Consider an LC circuit, with inductance $$L = 0.1$$ H and capacitance $$C = 10^{-3}$$ F, kept on a plane. The area of the circuit is 1 m$$^2$$. It is placed in a constant magnetic field of strength $$B_0$$ which is perpendicular to the plane of the circuit. At time $$t = 0$$, the magnetic field strength starts increasing linearly as $$B = B_0 + \beta t$$ with $$\beta = 0.04$$ Ts$$^{-1}$$. The maximum magnitude of the current in the circuit is ______ mA.

When the magnetic flux linked with a closed conducting loop changes, an emf is induced according to Faraday’s law
$$\varepsilon = -\dfrac{d\Phi_B}{dt} = -A\dfrac{dB}{dt}$$

The area of the circuit is $$A = 1\;{\rm m^2}$$ and the magnetic field varies as $$B = B_0 + \beta t$$ with $$\beta = 0.04\;{\rm T\,s^{-1}}$$, so the rate of change of field is constant:
$$\dfrac{dB}{dt} = \beta = 0.04\;{\rm T\,s^{-1}}$$

Hence the magnitude of the induced emf is
$$\varepsilon = A\,\beta = 1 \times 0.04 = 0.04\;{\rm V}$$

Let $$q(t)$$ be the charge on the capacitor plates (positive on one plate) and $$i(t)=\dfrac{dq}{dt}$$ the current through the inductor.

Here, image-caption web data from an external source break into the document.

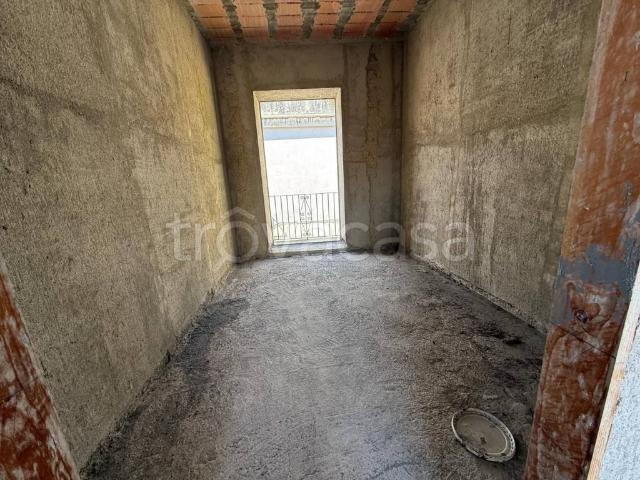 Appartamento in vendita a Saviano corso Umberto I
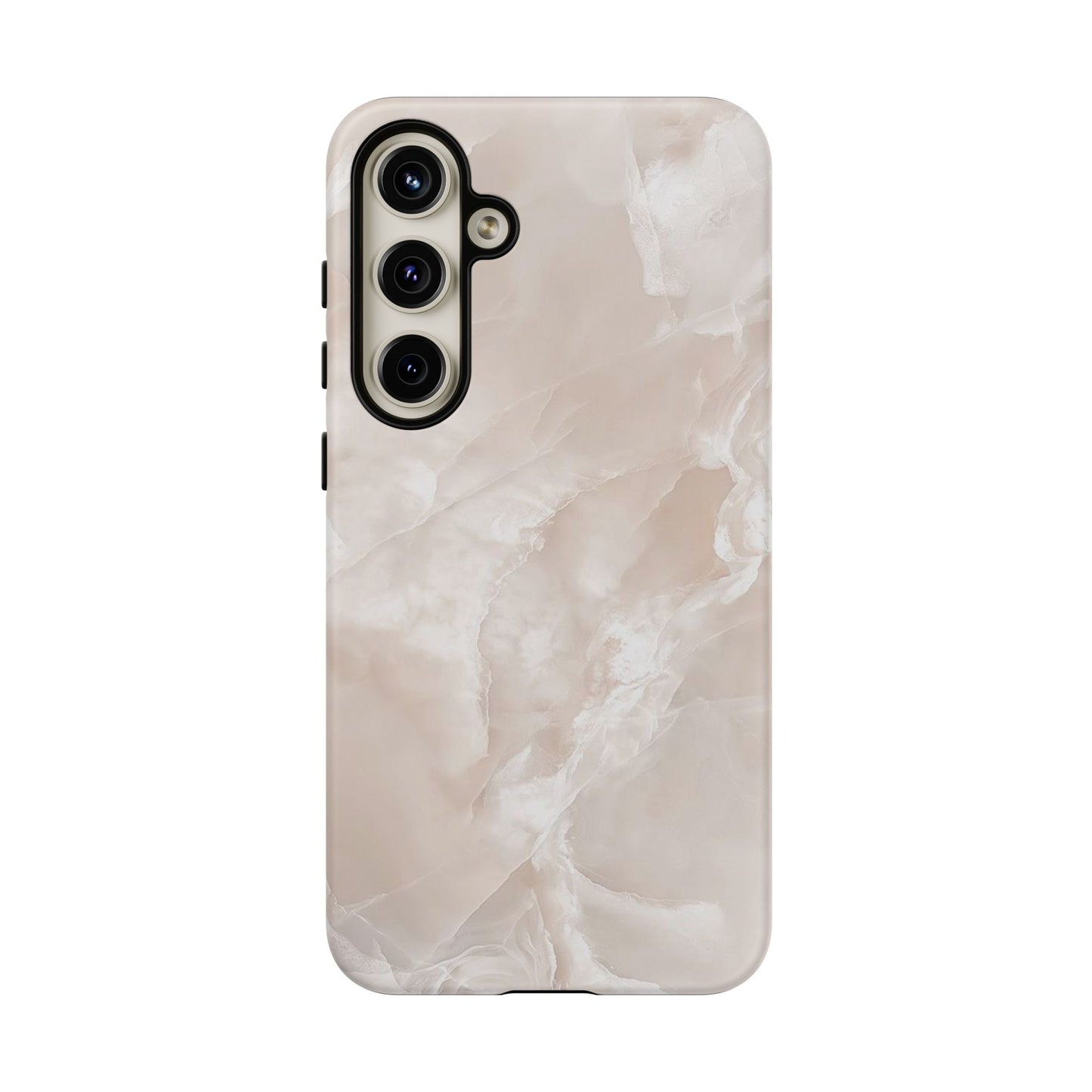 Pearl iPhone Case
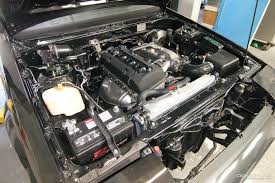 Below are 47 working coupons for toyota camry diagnostic code chart from reliable websites that we have updated for users to get maximum savings. Top Swaps Popular Japanese Engine Swap Basics Drivingline
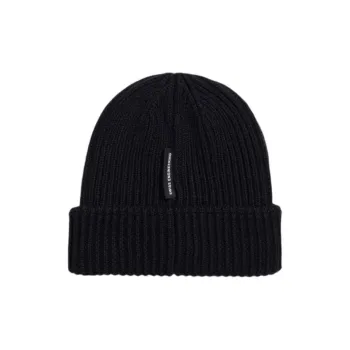 On Beanies Unisex
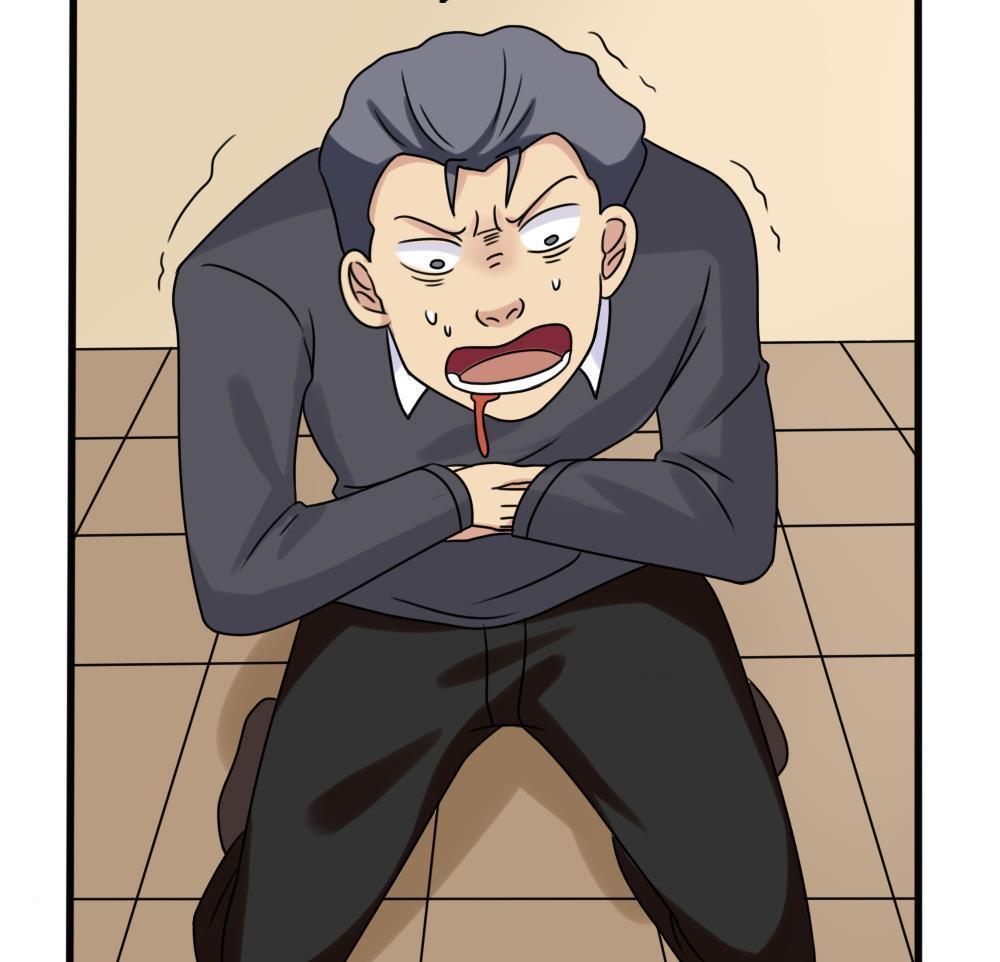 第182话28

For an ideal LC loop the Kirchhoff equation is
$$L\dfrac{di}{dt} + \dfrac{q}{C} = \varepsilon$$

Substituting $$i=\dfrac{dq}{dt}$$ gives the second-order equation
$$L\dfrac{d^{2}q}{dt^{2}} + \dfrac{q}{C} = \varepsilon \qquad -(1)$$

The homogeneous part of $$(1)$$ is the standard LC oscillator with natural angular frequency
$$\omega = \dfrac{1}{\sqrt{LC}}$$

Inductance $$L = 0.1\;{\rm H}$$, capacitance $$C = 10^{-3}\;{\rm F}$$, so
$$LC = 0.1 \times 10^{-3} = 10^{-4}$$ $$\sqrt{LC} = 10^{-2}$$ $$\therefore \;\omega = \dfrac{1}{10^{-2}} = 100\;{\rm rad\,s^{-1}}$$

Equation $$(1)$$ has a particular (steady-state) solution $$q_p = C\varepsilon$$ because substituting $$q = C\varepsilon$$ makes the left side equal to $$\varepsilon$$. Hence the full solution is
$$q(t) = C\varepsilon + A\cos\omega t + B\sin\omega t \qquad -(2)$$

Before $$t=0$$ the field was constant, so there was no induced emf; therefore the capacitor was uncharged and no current flowed:
$$q(0)=0,\; i(0)=0$$

Imposing $$q(0)=0$$ in $$(2)$$:
$$0 = C\varepsilon + A \Longrightarrow A = -C\varepsilon$$

Current is the time derivative of charge:
$$i(t) = \dfrac{dq}{dt} = -A\omega\sin\omega t + B\omega\cos\omega t$$

With $$i(0)=0$$ we have $$B\omega = 0 \Longrightarrow B = 0$$.

Thus
$$q(t) = C\varepsilon\bigl(1-\cos\omega t\bigr)$$ $$i(t) = C\varepsilon\,\omega\sin\omega t$$

The sine function varies between $$-1$$ and $$+1$$, so the maximum magnitude of the current is
$$I_{\max} = C\varepsilon\,\omega$$

Substituting the numerical values:
$$I_{\max} = (10^{-3}\;{\rm F})(0.04\;{\rm V})(100\;{\rm rad\,s^{-1}})$$ $$I_{\max} = 4 \times 10^{-3}\;{\rm A} = 0.004\;{\rm A} = 4\;{\rm mA}$$

Therefore, the maximum magnitude of the current in the circuit is 4 mA.